Ce sont des mesures de circonstance intéressantes parce qu’elles contiennent quelques traits du socialisme national et municipal ; mais les formules générales de Robespierre sont bien plus riches de sens. Saint-Just est plus préoccupé de la distribution politique des pouvoirs que de la définition de la propriété. Il se borne dans son exposé des motifs à quelques maximes :

« Le principe des mœurs est que tout le monde travaille au profit de la patrie, et que personne ne soit asservi ni oisif.

« … Si vous voulez savoir combien de temps durera votre République, calculez la somme de travail que vous y pouvez introduire. »

Et il donne des rapports économiques, dans un article de la section de son projet relative à « l’état des citoyens » une formule singulièrement naïve :

« La loi ne reconnaît pas de maître entre les citoyens : elle ne reconnaît point de domesticité. Elle reconnaît un engagement égal et sacré de servir entre l’homme qui travaille et celui qui le paie. »

Mais en quoi cette déclaration était-elle applicable aux rapports déjà très complexes créés par le système croissant des manufactures ? La pensée de Robespierre qui se meut dans un ordre plus abstrait en apparence, est bien plus susceptible d’accommodation à un état économique et social changeant.

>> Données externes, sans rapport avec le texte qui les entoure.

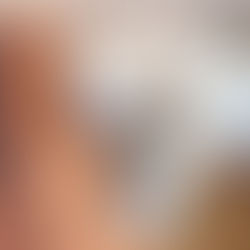 Tudo sobre a Pseudociese!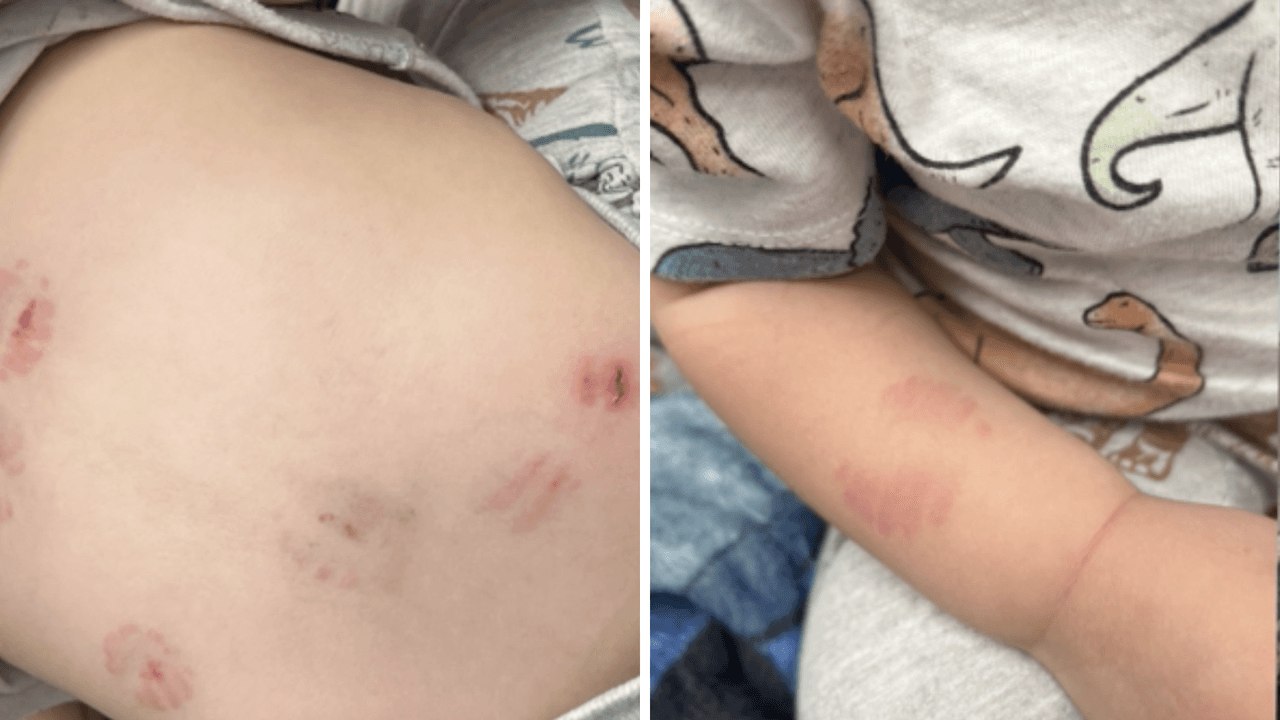 Padres de un niño demandarán por $1 millón a guardería donde alegan que recibió 8 mordidas en su cuerpo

J’imagine que Robespierre, qui avait vu, après le Dix-Août, la forte poussée égalitaire que la Commune révolutionnaire victorieuse avait propagée, avait pris ses précautions pour le jour où la chute de la Gironde, déterminée par une révolution nouvelle, donnerait un vif élan au peuple. Il avait préparé et comme défini d’avance la concession nécessaire et possible. Et il avait adopté des formules théoriques et un programme pratique qui lui permettaient d’avance de rassurer la propriété et de donner satisfaction au peuple. C’est évidemment aussi à une pensée politique qu’il obéit lorsqu’il inscrit dans sa Déclaration des articles relatifs à la propagande révolutionnaire universelle.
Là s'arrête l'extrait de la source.